Performance Measurement¶

Finally we will discuss an easy method for performance measurement. A hardware timer is well suited to measure the execution time of a software function. The pseudocode for such a measurement would look as follows. We have assumed that a generic timer readout function, timer_value(), exists. This function returns from a periodic counter that continuously increments from 0 to MAXUINT, then wraps around to 0 and increments again. The first term (a2-a1) is the execution time of mistery_function(), while the second term (a1 - a0) removes the overhead of the timer_value() function call. On complex processors (which includes, in fact, the ARM Cortex M4), many factors can affect computation time, including cache, memory bus conflicts, interrupts on the processor, etc. For such cases, one would perform the measurement multiple times - say 10 times - and only keep the median result.

void mistery_function() {
   // ...
}

uint32_t measure_function() {
   a0 = timer_value();
   a1 = timer_value();
   mistery_function();
   a2 = timer_value();

   return (a2 - a1) - (a1 - a0);
}

Measuring Processing Clock Cycles¶

The dsp_l2_measurePerformance example shows the use of a function in the MSP432_BOOSTXL library that can be used to measure the cycle time performance of a function. The signal processing does not have to be active to perform the measurement. In fact, this example simple measures the cycle count performance, and then exits.

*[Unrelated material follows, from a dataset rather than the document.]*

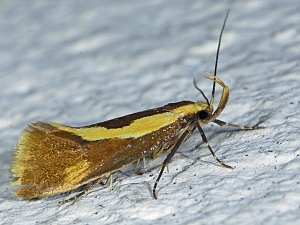 Harpella forficella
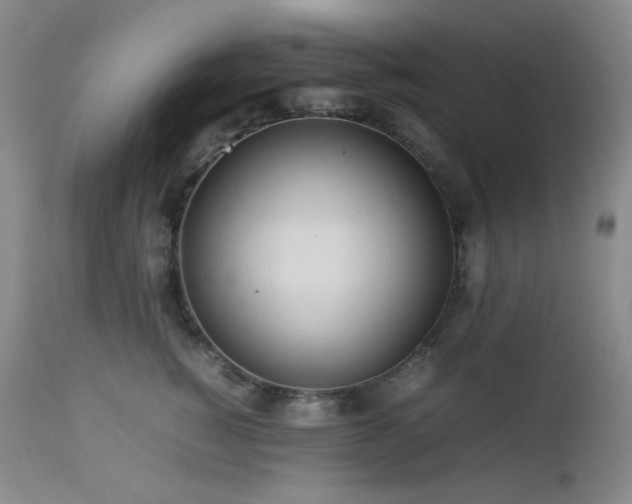 X0000113040760200908271505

#include <ti/devices/msp432p4xx/driverlib/driverlib.h>
#include "msp432_boostxl_init.h"

uint16_t processSample(uint16_t x) {
    __delay_cycles(1800);
    return x*x;
}

#include <stdio.h>

int main(void) {
    WDT_A_hold(WDT_A_BASE);

    uint32_t c = measurePerfSample(processSample);
    printf("Perf processSampleDirectFolded: %d\n", c);

    return 1;
}

The output of this program (the printf function) will appear in the Console window of CCS:

Conclusions¶

We discussed three different techniques to achieve real-time input/output operation for digital signal processing. Polling-based input/output ensures that no slack is left on the processor but makes it hard to control the sample rate. Interrupt-based input/output guarantees the same rate, as long as the processor is not overloaded. DMA-based input/output is a block-based version of interrupt-based input/output, and it can mask the overhead of A/D conversion entirely from the processing time.

For the coming few labs, we will rely on interrupt-based input/output. As the signal processing becomes more challenging, we may switch to DMA-based input/output. We will leave polling-based input/output for the academic oddity it is.